YOUR TASK » Please transcribe the listing below in full and word for word, without its pictures.

COLLECTED DATA »
*** Block opens ***
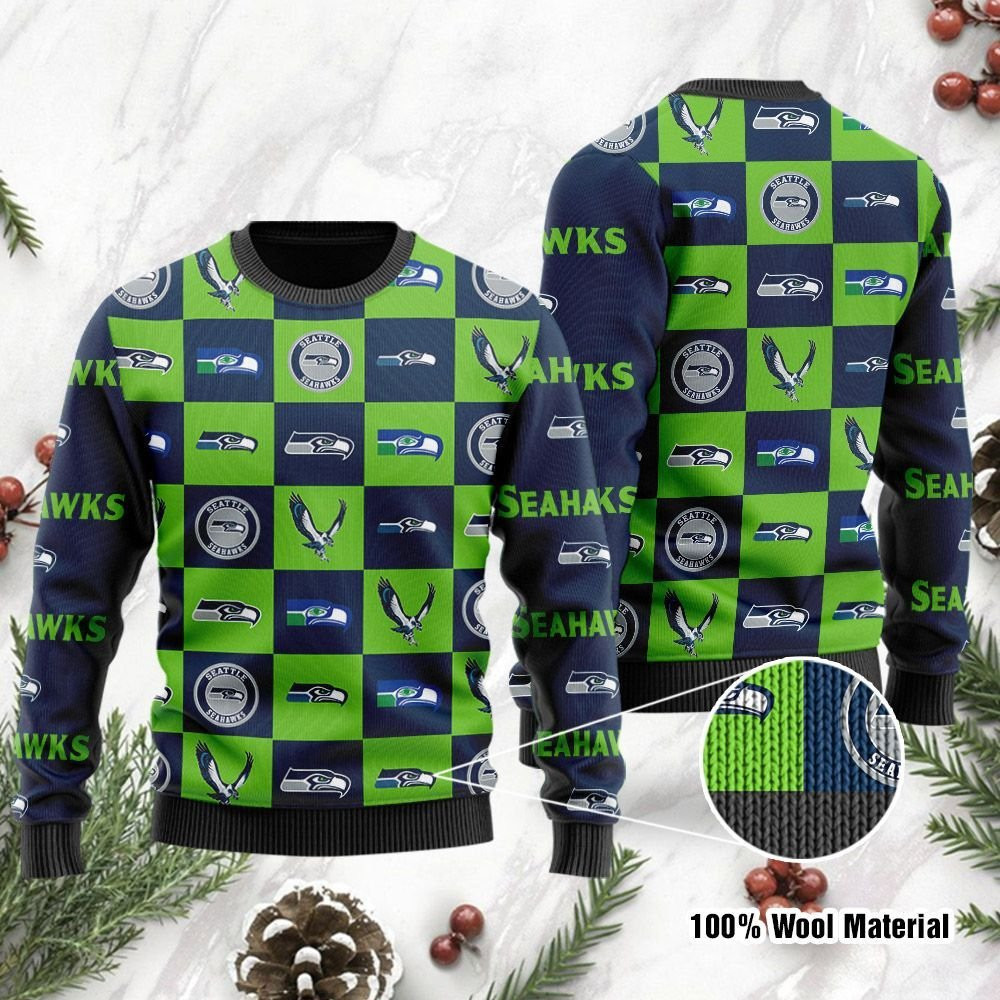 Seattle Seahawks Logo Checkered Flannel Ugly Christmas Sweater Adult 3D Funny Matching for family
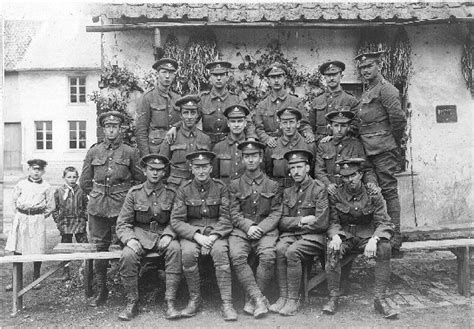 Photo - A Troop of Worcestershire Regiment men of WW1, including Private Alfred Charles Hill M.M.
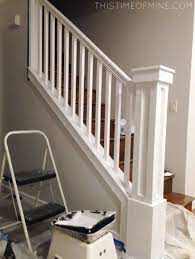 A Diy Oak Banister Makeover Tutorial And Tips Stairs Diy Renovation Stair Railing Makeover Stair Makeover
*** Block closes ***
TASK ANSWER »
 Seattle Seahawks Logo Checkered Flannel Ugly Christmas Sweater Adult 3D Funny Matching for family
 Photo - A Troop of Worcestershire Regiment men of WW1, including Private Alfred Charles Hill M.M.
 A Diy Oak Banister Makeover Tutorial And Tips Stairs Diy Renovation Stair Railing Makeover Stair Makeover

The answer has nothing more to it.